Copy the following listing word for word.

◆ ◆ ◆ ◆

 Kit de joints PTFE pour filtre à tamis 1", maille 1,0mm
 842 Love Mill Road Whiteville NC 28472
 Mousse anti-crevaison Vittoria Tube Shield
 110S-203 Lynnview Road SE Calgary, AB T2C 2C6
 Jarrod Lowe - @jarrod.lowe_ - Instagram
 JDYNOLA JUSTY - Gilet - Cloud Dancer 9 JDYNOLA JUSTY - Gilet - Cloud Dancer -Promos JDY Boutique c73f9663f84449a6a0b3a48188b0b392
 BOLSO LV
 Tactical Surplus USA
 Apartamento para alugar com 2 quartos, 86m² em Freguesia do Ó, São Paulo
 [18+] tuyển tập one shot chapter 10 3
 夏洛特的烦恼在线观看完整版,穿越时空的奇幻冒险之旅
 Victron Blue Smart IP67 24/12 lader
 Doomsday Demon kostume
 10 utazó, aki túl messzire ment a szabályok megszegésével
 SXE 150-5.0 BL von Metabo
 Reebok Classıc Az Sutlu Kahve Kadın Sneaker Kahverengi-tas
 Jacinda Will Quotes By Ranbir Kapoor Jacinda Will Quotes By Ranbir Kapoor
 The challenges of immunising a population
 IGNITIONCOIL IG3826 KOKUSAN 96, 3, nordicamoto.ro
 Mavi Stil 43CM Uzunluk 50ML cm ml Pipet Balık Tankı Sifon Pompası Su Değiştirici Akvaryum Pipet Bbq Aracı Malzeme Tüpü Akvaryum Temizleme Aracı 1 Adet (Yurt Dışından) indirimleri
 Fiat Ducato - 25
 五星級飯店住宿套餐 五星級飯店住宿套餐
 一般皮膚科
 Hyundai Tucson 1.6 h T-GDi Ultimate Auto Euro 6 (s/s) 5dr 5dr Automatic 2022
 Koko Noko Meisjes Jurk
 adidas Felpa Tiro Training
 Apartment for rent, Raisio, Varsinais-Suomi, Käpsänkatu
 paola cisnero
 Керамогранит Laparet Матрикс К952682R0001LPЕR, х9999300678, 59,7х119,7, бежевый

◆ ◆ ◆ ◆

| Result of the exercise |
 Kit de joints PTFE pour filtre à tamis 1", maille 1,0mm
 842 Love Mill Road Whiteville NC 28472
 Mousse anti-crevaison Vittoria Tube Shield
 110S-203 Lynnview Road SE Calgary, AB T2C 2C6
 Jarrod Lowe - @jarrod.lowe_ - Instagram
 JDYNOLA JUSTY - Gilet - Cloud Dancer 9 JDYNOLA JUSTY - Gilet - Cloud Dancer -Promos JDY Boutique c73f9663f84449a6a0b3a48188b0b392
 BOLSO LV
 Tactical Surplus USA
 Apartamento para alugar com 2 quartos, 86m² em Freguesia do Ó, São Paulo
 [18+] tuyển tập one shot chapter 10 3
 夏洛特的烦恼在线观看完整版,穿越时空的奇幻冒险之旅
 Victron Blue Smart IP67 24/12 lader
 Doomsday Demon kostume
 10 utazó, aki túl messzire ment a szabályok megszegésével
 SXE 150-5.0 BL von Metabo
 Reebok Classıc Az Sutlu Kahve Kadın Sneaker Kahverengi-tas
 Jacinda Will Quotes By Ranbir Kapoor Jacinda Will Quotes By Ranbir Kapoor
 The challenges of immunising a population
 IGNITIONCOIL IG3826 KOKUSAN 96, 3, nordicamoto.ro
 Mavi Stil 43CM Uzunluk 50ML cm ml Pipet Balık Tankı Sifon Pompası Su Değiştirici Akvaryum Pipet Bbq Aracı Malzeme Tüpü Akvaryum Temizleme Aracı 1 Adet (Yurt Dışından) indirimleri
 Fiat Ducato - 25
 五星級飯店住宿套餐 五星級飯店住宿套餐
 一般皮膚科
 Hyundai Tucson 1.6 h T-GDi Ultimate Auto Euro 6 (s/s) 5dr 5dr Automatic 2022
 Koko Noko Meisjes Jurk
 adidas Felpa Tiro Training
 Apartment for rent, Raisio, Varsinais-Suomi, Käpsänkatu
 paola cisnero
 Керамогранит Laparet Матрикс К952682R0001LPЕR, х9999300678, 59,7х119,7, бежевый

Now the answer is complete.